Selon le répertoire des employés du gouvernement fédéral, le secrétariat compte huit employés répartis dans quatre villes et trois fuseaux horaires.
Dans sa lettre de démission, Mme Abreu a déclaré que le gouvernement n'avait pas consulté le GCPC avant la signature, la semaine dernière, d'un protocole d'entente avec l'Alberta concernant un projet de pipeline, ni avant l'adoption du projet de loi C-5, qui autorise le gouvernement à exempter des projets de certaines lois environnementales.
Mme Ross a affirmé que le GCPC aurait dû être consulté avant que le gouvernement ne prenne ces décisions.
«Ces changements récents nous empêcheront d'atteindre l'objectif de 2030 et modifieront donc considérablement les plans en place et les perspectives de progrès», a-t-elle fait valoir.
«Je conviens que l'absence de consultation du GCPC… est contraire à l'esprit de la loi et à l'importance de disposer de conseils d'experts indépendants sur les décisions climatiques clés qui auront une incidence si importante sur la réalisation des objectifs.»

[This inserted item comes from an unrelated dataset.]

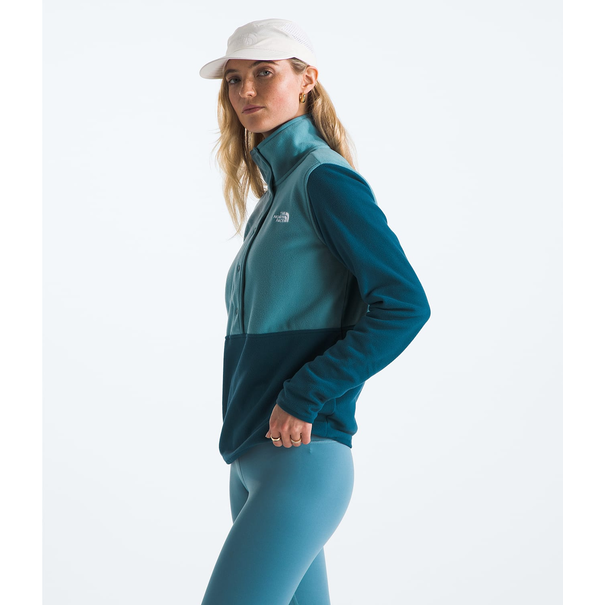 The North Face The North Face Glacier Fleece W 1/2 Snap (5242)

Le Canada doit déposer une mise à jour de son plan de réduction des émissions avant la fin de l'année, comme l'exige la loi. Le rapport doit comprendre une évaluation des objectifs de 2030.
Le Canada s'est engagé à réduire ses émissions d'au moins 40 % par rapport aux niveaux de 2005 d'ici 2030. Le dernier rapport d'étape du gouvernement, publié en 2023, comprenait une section entière soumise par l'organisme consultatif.
À moins d'un mois de la date limite de dépôt du rapport d'étape, le gouvernement n'a toujours pas consulté l'organisme consultatif.
Plus de membres sont nécessaires
Michael Bernstein, membre du GCPC, a dit qu'il n'avait pas l'intention de démissionner, mais qu'il souhaitait que l'organisme consultatif gagne en indépendance, à l'instar des comités similaires au Royaume-Uni et dans d'autres pays.
«Dans l'idéal, le GCPC disposerait d'un budget qu'il contrôlerait lui-même et son personnel serait recruté par ses conseillers, plutôt que par un secrétariat gouvernemental», a déclaré M. Bernstein, président et chef de la direction de Clean Prosperity.
M. Bernstein a ajouté qu'il n'était pas inquiet du niveau de collaboration entre Ottawa et le GCPC et qu'il était déterminé à appuyer l'orientation du gouvernement en matière de politique climatique. Il a qualifié l'orientation du gouvernement Carney d'«approche judicieuse, fondée sur la tarification et l'équilibrage du carbone».
«Je crois que cette nouvelle approche représente un tournant potentiel dans notre transition vers la décarbonation, a-t-il soutenu. Pour moi, cette nouvelle approche constitue donc un pas en avant.»
Dans un échange de courriels avec La Presse Canadienne, Damon Matthews a affirmé que la situation était «chaotique» depuis son arrivée au GCPC en mars, soulignant l'effondrement du nombre de membres du groupe, sans que le gouvernement ne semble s'en apercevoir ni s'en préoccuper.
La Presse Canadienne a demandé au cabinet de la ministre de l'Environnement, Julie Dabrusin, pourquoi le gouvernement n'avait pas pourvu les trois postes vacants avant les démissions de cette semaine.
«Nous n'avons reçu aucune directive ni demande de conseils depuis les élections, si ce n'est l'autorisation de produire notre rapport annuel, comme l'exige la loi. Il nous a fallu quatre mois après les élections pour obtenir l'autorisation officielle de reprendre nos travaux», a rapporté M. Matthews, professeur de géographie, d'aménagement et d'environnement à l'Université Concordia.
«De toute évidence, des changements s'imposent. Nous ne sommes plus que quatre (sans coprésidents) et cela ne suffit pas pour faire quoi que ce soit de significatif. J'étais le seul nouveau membre nommé après un processus de candidature et d'entrevues d'un an.»
M. Matthews a dit ne pas savoir pourquoi aucun candidat n'a encore été nommé.
«Davantage de membres et une nouvelle direction constituent désormais une priorité absolue», a-t-il affirmé.